Throughout history, male artists have used muses for inspiration to create their best work.
And many such paintings have become more collectable simply because of the relationship between the artist and sitter.
That is the case with the subjects of two works snapped up this month for almost US$90 million (Dh330.5m) combined.
Pablo Picasso's take on his lover Marie-Therese Walter, a 1932 work called Femme Assise Près d'une Fenêtre (Woman Sitting Near a Window), which paints her with a large forehead, fetched $45 million at auction.
Helena Newman from Sotheby's was quoted as saying in the United Kingdom's Mirror newspaper that the 1932 work was a "stunning and monumental portrait".
Picasso met his muse in Paris in 1927 when she was 17, and they embarked on a long-term affair. The pair had a child together but Walter became jealous when Picasso took another mistress, Dora Maar (whom he also famously painted). It is said that the mistresses demanded that he choose between them. He told them to fight it out, and later called their wrestling match one of his "choicest memories".
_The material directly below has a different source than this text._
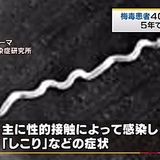 梅毒患者 今年４０００人超、５年で５倍に急増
Picasso supported Walter and his daughter, Maya, financially but they never married and Walter committed suicide four years after his death.
The subject of another painting that sold this month for $42.3m died in similarly tragic circumstances.
Jeanne Hébuterne (au chapeau), a portrait by the Italian artist Amedeo Modigliani a year before his death in 1920, was the leading lot at a Christie's impressionist, modern and surrealist sale.
Modigliani met Hébuterne, with whom he would have a child, towards the end of his life. He died as a result of tuberculous meningitis and complications brought on by substance abuse, leaving Hébuterne distraught. The day after his death she jumped out of a window, killing herself and their unborn second child.